Worst-case fault direction
The worst-case fault direction $\mathbf{f}_i$ is the measurement error pattern within a specified fault subset that maximizes error in the monitored parameter while remaining undetectable by the integrity test. Following Joerger et al. [2], we compute it as:
\[\mathbf{f}_i = \mathbf{A}_i (\mathbf{A}_i^T \mathbf{P} \mathbf{P}^T \mathbf{A}_i)^{-1} (\mathbf{A}_i^T \mathbf{s}_0)\]
Failure mode slope
The failure mode slope $g$ quantifies how rapidly the monitored parameter error grows relative to the detection statistic along the worst-case fault direction.

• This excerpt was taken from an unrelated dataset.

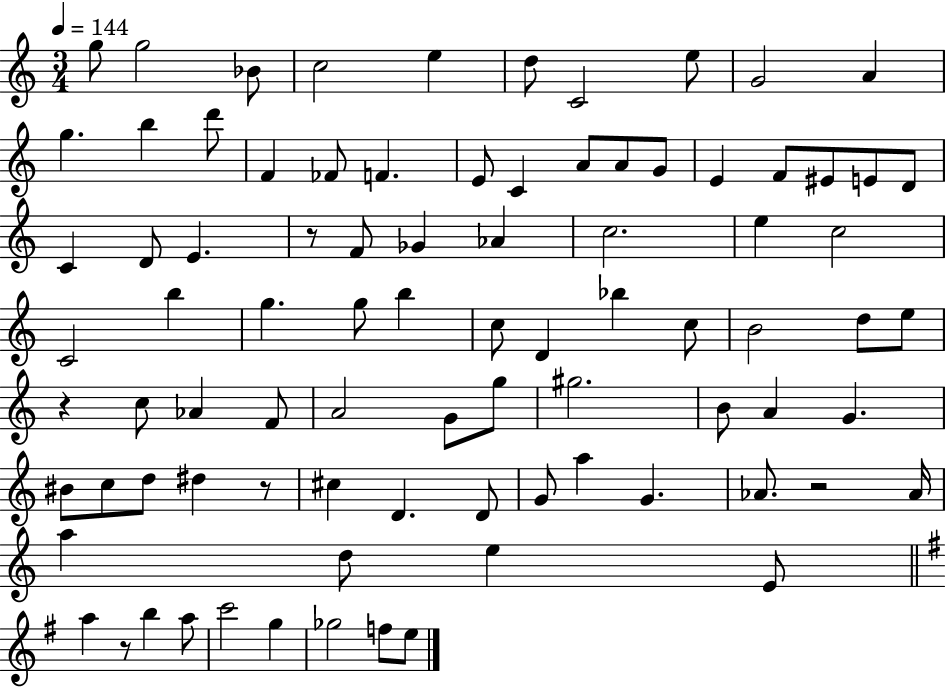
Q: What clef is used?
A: treble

Larger values of $g$ indicate greater vulnerability: small undetected faults can induce large state estimation errors. It is defined as the ratio of the squared mean estimate error to the non-centrality parameter of the test statistic:
\[g^2 = \mathbf{s}_0^T \mathbf{A}_i (\mathbf{A}_i^T \mathbf{P} \mathbf{P}^T \mathbf{A}_i)^{-1} \mathbf{A}_i^T \mathbf{s}_0\]
Definitions
- $\mathbf{H}$ is the Jacobian matrix relating changes in measurements to changes in pose parameters
- $\mathbf{P} = (\mathbf{I} - \mathbf{H}(\mathbf{H}^T \mathbf{H})^{-1}\mathbf{H}^T) * L^{-1}$ is the parity projection matrix
- $\mathbf{\Sigma} = LL^T$ is the noise covariance
- $\mathbf{A}_i$ is the fault selection matrix corresponding to the measurement indices specified by
fault_indices - $\mathbf{s}_0$ is the extraction vector for the monitored parameter specified by
alpha_idx
The subscript $i$ identifies a specific fault subset (specified by fault_indices) and monitored parameter (specified by alpha_idx).
- [1]
- R. Valentin, S. M. Katz, A. B. Carneiro, D. Walker and M. J. Kochenderfer. Predictive Uncertainty for Runtime Assurance of a Real-Time Computer Vision-Based Landing System, arXiv preprint arXiv:2508.09732 (2025).
- [2]
- M. Joerger, F.-C. Chan and B. Pervan. Solution separation versus residual-based RAIM. NAVIGATION: Journal of the Institute of Navigation 61, 273–291 (2014).